Now, you truck over here, you swing over there,
You tip just like you're walkin' on air,
Then you're doin' the Suzie-Q!

Now, hot step new that you will give 'em,
Good old pep and low-down rhythm!

Now, come and give yourself a treat,
Watch these babies shake their feet,
What they're doin'? They're doin' the Suzie-Q!"
(Lil Hardin Armstrong, "Doin the Suzie-Q", '36)

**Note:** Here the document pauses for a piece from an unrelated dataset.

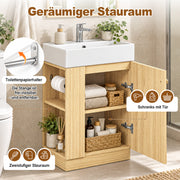 Yorbay Waschbeckenunterschrank mit Keramikbecken, Stauraum und Toilettenpapierhalter - YW032-D106 - 13 - yorbiy.com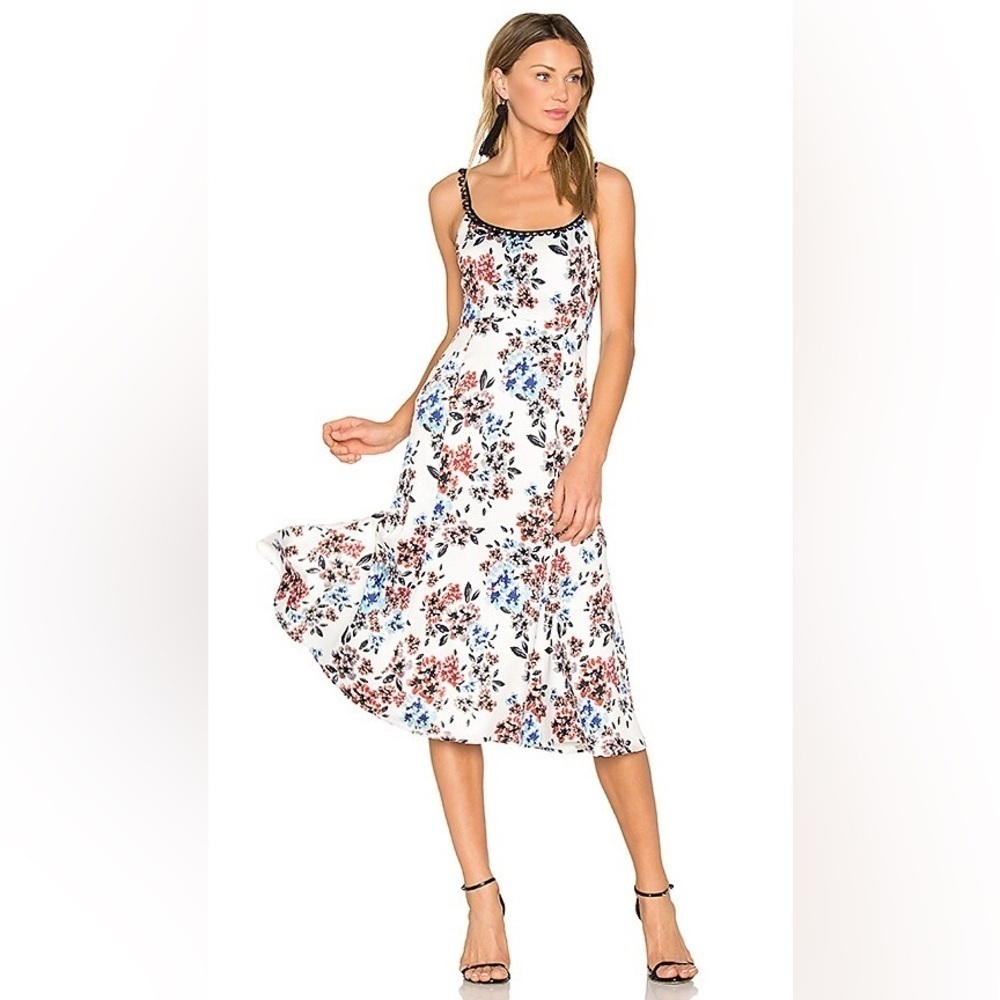 NBD Floral Midi Dress - White, Blue, Red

"I work at the Palace Ballroom,
But gee, that palace is cheap,
When I get back to my chilly hallroom,
I'm much too tired to sleep.

I'm one of those lady teachers,
A beautiful hostess, you know,
The kind the Palace features
At exactly a dime a throw.

Ten cents a dance, that's what they pay me,
Gosh, how they weigh me down;
Ten cents a dance, pansies and rough guys,
Tough guys who tear my gown.
...
Sometimes I think I've found my hero,
But it's a queer romance;
All that you need is a ticket;
Come on, big boy, ten cents a dance.

Fighters and sailors and bowlegged tailors
Can pay for a ticket and rent me;
Butchers and barbers and rats from the harbor
Are sweethearts my good luck has sent me.
...
Ten cents a dance, that's what they pay me,
Gosh, how they weigh me down;
Ten cents a dance, pansies and rough guys,
Tough guys who tear my gown.
...
Sometimes I think I've found my hero,
But it's a queer romance;
All that you need is a ticket;
Come on, big boy, ten cents a dance.